> [Source data]
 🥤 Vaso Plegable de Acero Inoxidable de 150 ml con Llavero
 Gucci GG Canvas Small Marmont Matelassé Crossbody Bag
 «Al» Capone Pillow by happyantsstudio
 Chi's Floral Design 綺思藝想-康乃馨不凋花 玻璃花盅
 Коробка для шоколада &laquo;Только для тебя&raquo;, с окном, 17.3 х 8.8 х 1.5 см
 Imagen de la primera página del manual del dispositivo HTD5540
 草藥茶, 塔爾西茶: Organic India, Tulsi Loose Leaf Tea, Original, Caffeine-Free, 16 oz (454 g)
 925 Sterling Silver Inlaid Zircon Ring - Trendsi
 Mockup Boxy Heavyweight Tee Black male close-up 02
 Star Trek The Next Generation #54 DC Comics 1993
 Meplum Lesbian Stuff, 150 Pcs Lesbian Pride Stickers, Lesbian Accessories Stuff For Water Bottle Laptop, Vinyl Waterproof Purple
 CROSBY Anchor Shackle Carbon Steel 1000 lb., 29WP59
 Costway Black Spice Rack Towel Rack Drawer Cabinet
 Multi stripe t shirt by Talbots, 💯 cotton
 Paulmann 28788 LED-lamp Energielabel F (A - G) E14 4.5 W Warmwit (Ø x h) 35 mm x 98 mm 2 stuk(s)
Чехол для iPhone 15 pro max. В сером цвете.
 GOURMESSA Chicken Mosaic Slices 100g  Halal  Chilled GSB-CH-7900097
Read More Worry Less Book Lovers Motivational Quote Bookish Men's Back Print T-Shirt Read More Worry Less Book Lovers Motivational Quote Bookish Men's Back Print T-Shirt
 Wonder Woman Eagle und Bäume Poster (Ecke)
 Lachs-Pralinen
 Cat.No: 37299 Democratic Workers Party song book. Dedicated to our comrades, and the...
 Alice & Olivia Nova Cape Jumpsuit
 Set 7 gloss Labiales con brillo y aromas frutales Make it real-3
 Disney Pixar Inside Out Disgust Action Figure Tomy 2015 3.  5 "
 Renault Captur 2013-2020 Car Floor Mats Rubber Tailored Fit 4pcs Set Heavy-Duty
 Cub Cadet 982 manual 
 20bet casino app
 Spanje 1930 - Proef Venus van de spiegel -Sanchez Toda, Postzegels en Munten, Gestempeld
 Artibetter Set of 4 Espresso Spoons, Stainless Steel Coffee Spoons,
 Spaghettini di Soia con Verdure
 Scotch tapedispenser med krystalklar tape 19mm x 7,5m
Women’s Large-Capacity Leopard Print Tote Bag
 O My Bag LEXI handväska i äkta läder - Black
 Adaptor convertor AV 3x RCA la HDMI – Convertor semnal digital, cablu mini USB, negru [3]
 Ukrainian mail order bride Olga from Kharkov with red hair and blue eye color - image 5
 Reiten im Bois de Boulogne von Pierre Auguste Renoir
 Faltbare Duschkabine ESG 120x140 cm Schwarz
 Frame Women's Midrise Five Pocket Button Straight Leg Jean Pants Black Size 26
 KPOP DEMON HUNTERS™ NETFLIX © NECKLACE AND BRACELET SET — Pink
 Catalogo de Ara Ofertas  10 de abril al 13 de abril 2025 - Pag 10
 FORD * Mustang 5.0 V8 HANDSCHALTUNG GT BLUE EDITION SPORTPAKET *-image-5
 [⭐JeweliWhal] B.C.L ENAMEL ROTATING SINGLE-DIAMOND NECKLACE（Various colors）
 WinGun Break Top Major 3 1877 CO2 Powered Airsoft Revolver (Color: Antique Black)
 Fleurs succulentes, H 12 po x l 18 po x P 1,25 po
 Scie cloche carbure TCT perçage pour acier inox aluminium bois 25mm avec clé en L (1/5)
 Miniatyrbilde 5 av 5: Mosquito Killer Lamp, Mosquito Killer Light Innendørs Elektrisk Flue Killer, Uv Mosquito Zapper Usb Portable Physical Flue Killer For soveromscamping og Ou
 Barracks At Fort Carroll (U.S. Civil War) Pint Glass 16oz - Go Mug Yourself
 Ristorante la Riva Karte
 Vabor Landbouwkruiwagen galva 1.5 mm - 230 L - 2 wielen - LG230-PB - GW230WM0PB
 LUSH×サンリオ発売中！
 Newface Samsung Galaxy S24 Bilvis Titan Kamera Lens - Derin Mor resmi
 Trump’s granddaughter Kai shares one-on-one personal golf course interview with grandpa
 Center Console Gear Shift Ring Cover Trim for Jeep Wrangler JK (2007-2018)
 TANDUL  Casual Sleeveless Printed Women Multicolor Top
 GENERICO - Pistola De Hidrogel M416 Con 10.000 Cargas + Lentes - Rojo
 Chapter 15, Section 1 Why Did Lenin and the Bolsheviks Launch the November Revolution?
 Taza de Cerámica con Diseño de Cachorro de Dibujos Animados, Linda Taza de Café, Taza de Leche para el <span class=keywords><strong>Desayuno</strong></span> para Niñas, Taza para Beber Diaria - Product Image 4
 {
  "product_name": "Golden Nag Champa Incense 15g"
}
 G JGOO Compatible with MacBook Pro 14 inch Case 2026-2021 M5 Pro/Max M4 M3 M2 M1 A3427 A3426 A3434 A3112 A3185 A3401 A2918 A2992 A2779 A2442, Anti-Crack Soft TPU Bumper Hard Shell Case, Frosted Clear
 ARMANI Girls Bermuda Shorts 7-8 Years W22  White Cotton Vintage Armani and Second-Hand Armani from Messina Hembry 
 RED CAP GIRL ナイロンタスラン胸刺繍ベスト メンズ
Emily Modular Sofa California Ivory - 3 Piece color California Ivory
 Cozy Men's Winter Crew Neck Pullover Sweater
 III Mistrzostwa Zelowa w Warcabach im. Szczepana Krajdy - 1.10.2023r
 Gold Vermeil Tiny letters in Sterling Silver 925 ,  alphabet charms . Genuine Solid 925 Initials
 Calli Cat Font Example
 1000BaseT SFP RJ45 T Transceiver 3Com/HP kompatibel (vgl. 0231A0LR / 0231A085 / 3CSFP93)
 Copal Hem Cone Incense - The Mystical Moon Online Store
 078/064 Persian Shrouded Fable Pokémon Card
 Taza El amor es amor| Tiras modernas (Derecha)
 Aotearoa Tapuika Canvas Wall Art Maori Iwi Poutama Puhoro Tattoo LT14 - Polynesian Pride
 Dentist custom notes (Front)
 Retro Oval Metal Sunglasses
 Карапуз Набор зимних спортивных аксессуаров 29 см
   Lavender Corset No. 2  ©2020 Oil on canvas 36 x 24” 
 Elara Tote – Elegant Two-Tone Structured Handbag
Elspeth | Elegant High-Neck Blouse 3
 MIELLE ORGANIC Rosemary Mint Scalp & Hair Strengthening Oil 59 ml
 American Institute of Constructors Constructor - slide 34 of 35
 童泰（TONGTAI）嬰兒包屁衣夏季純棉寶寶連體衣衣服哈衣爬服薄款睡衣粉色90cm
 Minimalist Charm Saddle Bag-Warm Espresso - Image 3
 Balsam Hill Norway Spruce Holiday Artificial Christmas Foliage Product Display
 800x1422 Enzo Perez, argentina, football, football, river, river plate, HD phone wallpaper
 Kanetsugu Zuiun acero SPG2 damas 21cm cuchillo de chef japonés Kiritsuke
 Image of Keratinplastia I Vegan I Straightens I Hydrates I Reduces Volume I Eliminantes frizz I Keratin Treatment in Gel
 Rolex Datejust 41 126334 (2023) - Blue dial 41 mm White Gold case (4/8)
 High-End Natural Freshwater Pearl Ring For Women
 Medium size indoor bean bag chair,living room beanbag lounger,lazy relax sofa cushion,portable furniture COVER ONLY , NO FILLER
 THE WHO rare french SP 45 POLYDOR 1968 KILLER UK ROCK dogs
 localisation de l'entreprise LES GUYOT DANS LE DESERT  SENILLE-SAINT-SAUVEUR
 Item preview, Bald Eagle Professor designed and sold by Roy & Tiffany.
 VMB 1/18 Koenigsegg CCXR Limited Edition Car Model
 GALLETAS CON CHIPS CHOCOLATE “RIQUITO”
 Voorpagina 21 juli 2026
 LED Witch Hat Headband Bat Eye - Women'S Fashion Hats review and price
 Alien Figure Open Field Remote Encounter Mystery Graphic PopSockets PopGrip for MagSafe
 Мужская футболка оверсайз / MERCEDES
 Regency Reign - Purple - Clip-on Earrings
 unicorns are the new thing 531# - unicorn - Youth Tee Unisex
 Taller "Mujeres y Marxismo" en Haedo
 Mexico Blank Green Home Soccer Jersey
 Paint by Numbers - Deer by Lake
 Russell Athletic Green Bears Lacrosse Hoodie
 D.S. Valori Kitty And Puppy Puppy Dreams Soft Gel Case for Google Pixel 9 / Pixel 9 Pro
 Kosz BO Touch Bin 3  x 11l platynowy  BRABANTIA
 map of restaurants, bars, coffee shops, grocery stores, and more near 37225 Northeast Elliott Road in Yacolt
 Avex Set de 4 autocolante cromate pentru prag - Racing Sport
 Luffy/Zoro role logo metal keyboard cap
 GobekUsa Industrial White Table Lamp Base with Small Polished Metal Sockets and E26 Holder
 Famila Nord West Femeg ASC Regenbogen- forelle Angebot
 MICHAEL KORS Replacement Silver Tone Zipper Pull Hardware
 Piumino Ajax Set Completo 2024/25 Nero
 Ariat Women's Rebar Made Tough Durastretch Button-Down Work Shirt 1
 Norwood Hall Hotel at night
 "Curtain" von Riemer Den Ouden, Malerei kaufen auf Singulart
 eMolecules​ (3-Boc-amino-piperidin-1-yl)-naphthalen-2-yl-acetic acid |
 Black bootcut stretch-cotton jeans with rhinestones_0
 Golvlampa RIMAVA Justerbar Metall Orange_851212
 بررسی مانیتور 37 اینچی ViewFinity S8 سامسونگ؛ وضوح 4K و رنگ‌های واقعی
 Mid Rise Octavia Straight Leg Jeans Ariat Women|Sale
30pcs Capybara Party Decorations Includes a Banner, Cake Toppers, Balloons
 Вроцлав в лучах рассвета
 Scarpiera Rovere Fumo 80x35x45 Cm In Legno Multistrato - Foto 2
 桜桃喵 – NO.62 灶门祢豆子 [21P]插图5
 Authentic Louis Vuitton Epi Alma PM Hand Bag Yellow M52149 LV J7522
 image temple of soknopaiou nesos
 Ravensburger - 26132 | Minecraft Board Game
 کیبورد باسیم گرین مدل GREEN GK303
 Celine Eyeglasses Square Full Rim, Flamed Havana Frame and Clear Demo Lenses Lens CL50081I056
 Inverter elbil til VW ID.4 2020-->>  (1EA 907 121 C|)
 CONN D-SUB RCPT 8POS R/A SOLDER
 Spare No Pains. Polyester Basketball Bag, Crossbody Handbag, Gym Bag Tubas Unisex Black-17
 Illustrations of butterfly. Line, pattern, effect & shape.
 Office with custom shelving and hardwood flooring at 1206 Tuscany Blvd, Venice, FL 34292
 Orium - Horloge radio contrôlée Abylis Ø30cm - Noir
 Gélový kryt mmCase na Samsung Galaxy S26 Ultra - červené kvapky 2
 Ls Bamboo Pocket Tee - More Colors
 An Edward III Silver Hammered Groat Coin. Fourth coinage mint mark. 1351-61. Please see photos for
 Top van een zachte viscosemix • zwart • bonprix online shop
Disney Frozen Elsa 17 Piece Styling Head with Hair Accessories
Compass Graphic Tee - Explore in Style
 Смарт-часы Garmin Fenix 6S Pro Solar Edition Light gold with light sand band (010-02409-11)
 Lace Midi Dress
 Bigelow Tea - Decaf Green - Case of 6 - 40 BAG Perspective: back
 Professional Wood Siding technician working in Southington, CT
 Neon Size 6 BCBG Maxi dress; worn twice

> [ABOUT THIS TASK] Nothing but the lines from the one containing "Disney Frozen Elsa" to the end of the records above should appear, each copied exactly.

> [RESPONSE TO THE EXERCISE]
Disney Frozen Elsa 17 Piece Styling Head with Hair Accessories
Compass Graphic Tee - Explore in Style
 Смарт-часы Garmin Fenix 6S Pro Solar Edition Light gold with light sand band (010-02409-11)
 Lace Midi Dress
 Bigelow Tea - Decaf Green - Case of 6 - 40 BAG Perspective: back
 Professional Wood Siding technician working in Southington, CT
 Neon Size 6 BCBG Maxi dress; worn twice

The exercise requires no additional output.